LinkedIn has open-sourced a project for scaling and managing deep learning jobs in TensorFlow, using the YARN (Yet Another Resource Negotiator) job scheduling system in Hadoop.
The Tony project came about after LinkedIn tried to use two existing open source solutions for running scheduled TensorFlow jobs on Hadoop and found them both wanting. A few projects to run TensorFlow on Hadoop already exist, but LinkedIn was unsatisfied with them. One, TensorFlow on Spark, runs TensorFlow via Apache Spark’s job engine, but it couples too tightly with Spark. Another, TensorFlowOnYARN, provided the same basic functionality as Tony, but is unmaintained and didn’t provide fault tolerance.
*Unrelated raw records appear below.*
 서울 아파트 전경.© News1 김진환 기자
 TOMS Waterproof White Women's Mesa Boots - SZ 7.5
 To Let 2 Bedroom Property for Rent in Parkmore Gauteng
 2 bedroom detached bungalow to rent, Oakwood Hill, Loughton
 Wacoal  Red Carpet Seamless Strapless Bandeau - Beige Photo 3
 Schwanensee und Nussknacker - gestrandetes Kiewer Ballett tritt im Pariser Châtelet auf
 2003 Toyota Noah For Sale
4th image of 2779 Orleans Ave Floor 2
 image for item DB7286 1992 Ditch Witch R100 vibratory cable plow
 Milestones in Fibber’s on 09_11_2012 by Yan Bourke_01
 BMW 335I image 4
Deep learning models in TensorFlow need some form of job management. Training models can take hours or days, and the training process needs some guarantee it can complete correctly.
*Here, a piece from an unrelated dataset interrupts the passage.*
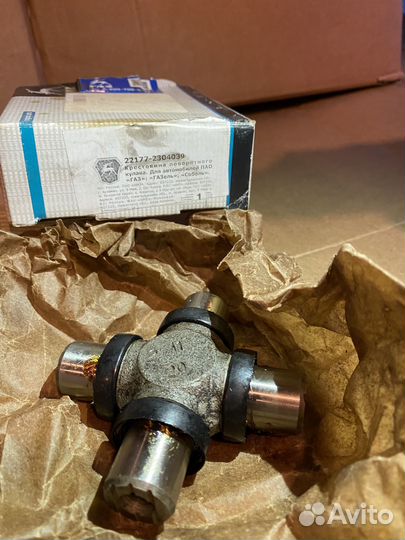 Крестовина поворотного кулака газ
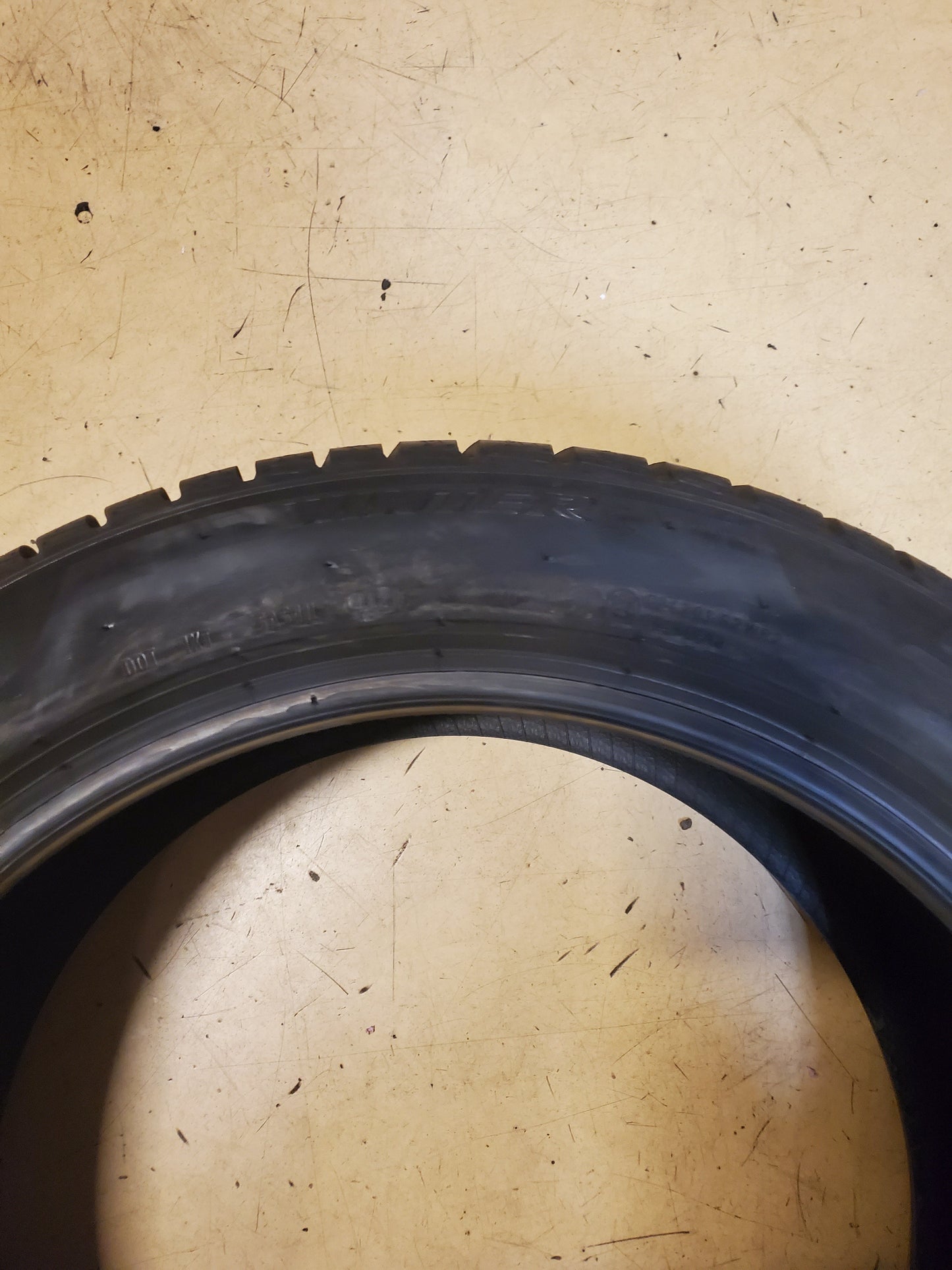 PIRELLI WINTER SOTTOZERO 3 (T0) FOAM BSW P 255 45 19 104W XL TIRE 3954100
Tony uses YARN’s resource and task scheduling system to set up TensorFlow jobs across a Hadoop cluster, according to LinkedIn’s press notes. Tony can also schedule GPU-based TensorFlow jobs through Hadoop, request different kinds of resources (GPUs vs. CPUs), or allocate memory differently for TensorFlow nodes and ensure that job outputs are saved periodically to HDFS and resumed from where they left off if they crash or are interrupted.
Tony splits its work among three internal components: a client, an application master, and a task executor. The client accepts incoming TensorFlow jobs; the application master negotiates with YARN’s resource manager to provision the job on YARN; and the task executor is what’s actually launched on the YARN cluster to run the TensorFlow job.
LinkedIn claims there is no discernible overhead for TensorFlow jobs when using Tony, because Tony “is in the layer [that] orchestrates distributed TensorFlow and does not interfere with the actual execution of the TensorFlow job.”
Tony also works with the TensorBoard application for visualizing, optimizing, and debugging TensorFlow apps.